**Problem to work on:** Look in the data below for the line that has "Venezia, due imbarcazioni", then print exactly every line from there through the line that has "Продажа на аукционе", leaving pictures out.

**Data for processing:**
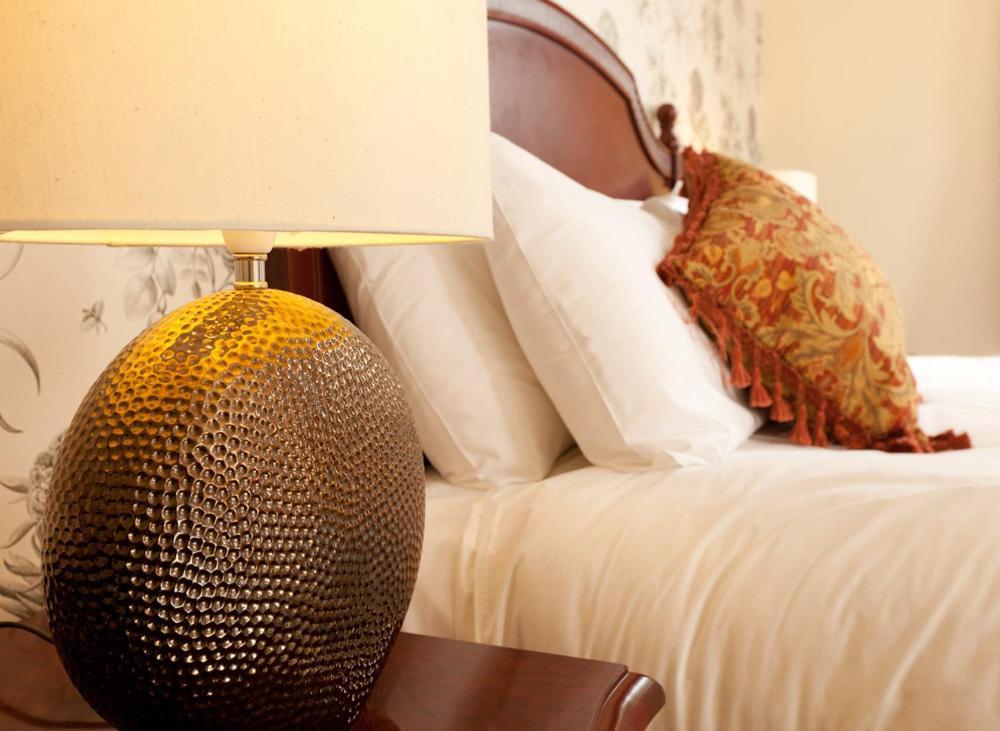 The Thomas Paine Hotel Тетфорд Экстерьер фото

==

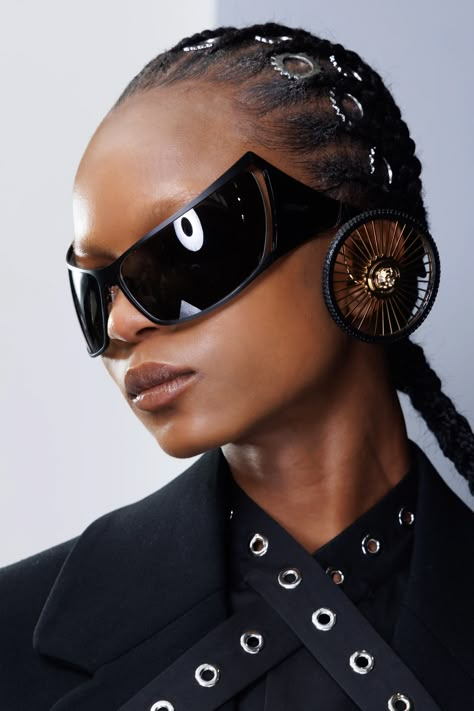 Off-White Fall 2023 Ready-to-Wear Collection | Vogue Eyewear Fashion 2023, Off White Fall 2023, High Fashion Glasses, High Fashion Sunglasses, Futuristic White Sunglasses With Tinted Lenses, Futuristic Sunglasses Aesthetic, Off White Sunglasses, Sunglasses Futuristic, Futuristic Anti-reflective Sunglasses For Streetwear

==

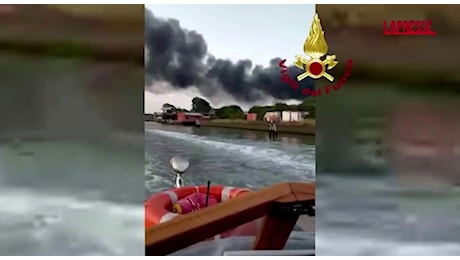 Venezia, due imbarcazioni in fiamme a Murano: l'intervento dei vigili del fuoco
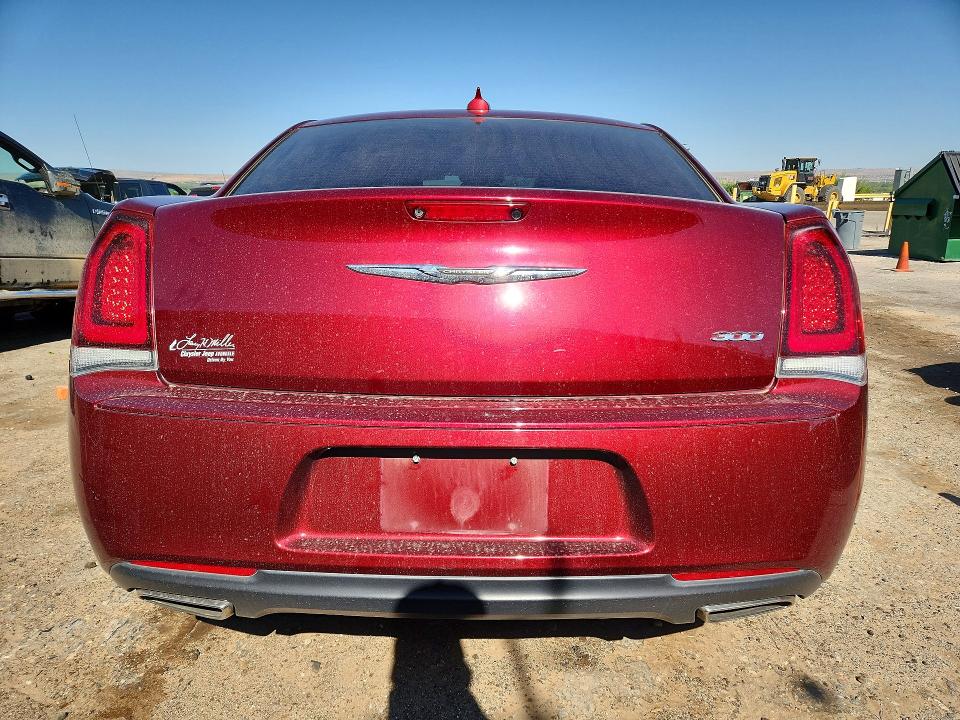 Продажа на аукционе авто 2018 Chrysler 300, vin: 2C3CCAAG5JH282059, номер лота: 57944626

**Written reply:**
 Venezia, due imbarcazioni in fiamme a Murano: l'intervento dei vigili del fuoco
 Продажа на аукционе авто 2018 Chrysler 300, vin: 2C3CCAAG5JH282059, номер лота: 57944626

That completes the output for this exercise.